米国弁護士からみた日本国憲法の正体

ケント・ギルバート先生

講話日:平成29年9月20日(水)

ケント・ギルバート先生

米国人、弁護士、80年から東京在住。執筆、テレビ出演。

講演要旨

 アメリカ人の私から見て、日本国憲法はどう映るか。服に例えていうなら、「既製品」で、一応使えることは使えるが、誇れる特性は何もなく、日本文化も入っていない。よく見ると、解れて糸が飛び出していたり、チャックが上がらないなど、いうなれば訳あり商品である。その訳ありの部分はどこなのか。まず第1章天皇の項、「天皇は日本国の象徴であり・・」もし仮に法科大学の教授が評価するなら、最初に書くべきなのは元首であり、元首の規定がない憲法はありえない。ただ、制定過程の事情をいうならば、極東委員会は天皇処刑論が大勢を占めており、それを抑えるためには、急いで憲法をつくらなければならなかった。この部分については、将来、憲法改正の発議過程で議論していかなければならない。
 次に、第9条2項「陸海空軍その他の戦力は、これを保持しない。国の交戦権は、これを認めない。」芦田修正によって自衛隊を持つことができるような解釈は可能になったが、交戦権を認めないというのはおかしい。国際法上、国の交戦権は認められているものだ。また、軍隊がないのにどうやって国防を行うのか。
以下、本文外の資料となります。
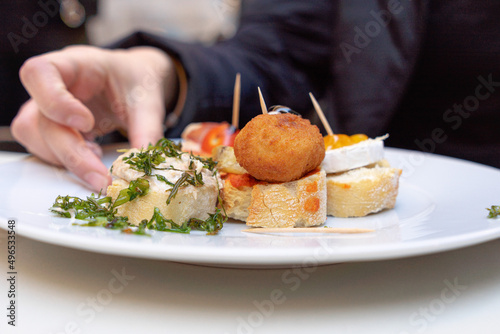 Typical Spanish aperitif with beer and pinchos. Typical tapas from Valencia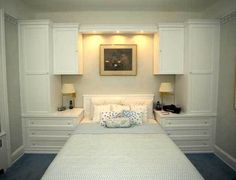 a white bed sitting in a bedroom next to two lamps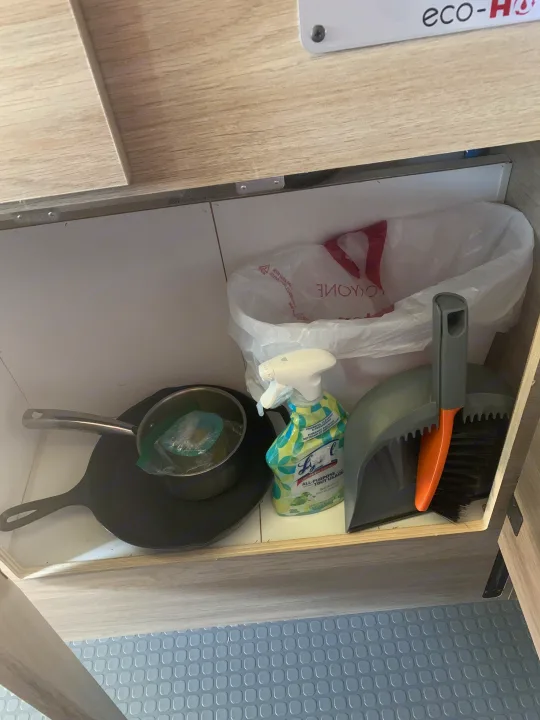 RV rental under-counter storage: Lys Lysol cleaner, dustpan/brush, skillet, and trash bag for compact living.. Winnebago Winnebago 2021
外国人の目から見て、これは非常識だ。私は、憲法9条の規定が他の条文を台無しにしていると考える。例えば、前文の「安全と生存を保持しようと決意した」と考えても、9条があるから守れない。拉致被害者が帰ってこないのは、憲法で保障している生存権を9条が侵害している。そういう意味で、「9条は憲法違反だ」と言える。個別的自衛権と集団的自衛権を区別して論じているのも日本だけだ。日本の学者は、憲法の意味を説明するだけで、「自衛隊は憲法違反だ」としか言わない。自衛隊は必要だ。だから憲法を改正しようという方向にはいかない。
 沖縄で基地反対運動を行っている「住民」は、実は中国共産党に金で雇われている、という話をTVでしたら、すぐにCMになってしまった。そういう連中は道で私設検問所を勝手に作り、米兵の乗った車を勝手に止め、金属で車体を叩く、罵声を浴びせるなどしている。知事はそれに対して何も言わないし、沖縄県警が止めようとするとその警察官の家族構成に至るまでを道に張り出してしまうので、手出しができない。県外から機動隊を導入している。これについてアメリカ側はなぜ日本政府は対策を立てないのか、と憤っている。
 日本はルールを守る国だ。9条はかなり無理すれば自衛隊という戦力を持つことは可能と言えるが、やはり無理がある。では、ルールを守って自衛隊を廃止するか?それは無理だろう。だから現実に合わないルールを変えるのだ。諸外国の公正と信義に信頼するのはかなり危険だ。それはチベットやウイグルを見ればわかる。そのうち沖縄がそうなってしまわないとも限らない。9条があるから、アメリカに依存している。トランプ米大統領が日本に対して防衛費をもっと出せというのも、直接いうと内政干渉になるから、遠回しに自立した国になってくれというメッセージだ。最初に言ったように、日本は大国だ。自立した国になるのと同時に世界平和に貢献すべきだ、その第1歩が9条の改正である。真の平和を考えなくてもいい時代は終わった。日本人は目を覚ます時期に来た。憲法9条が改正されて初めて戦後が終わるといってもよい。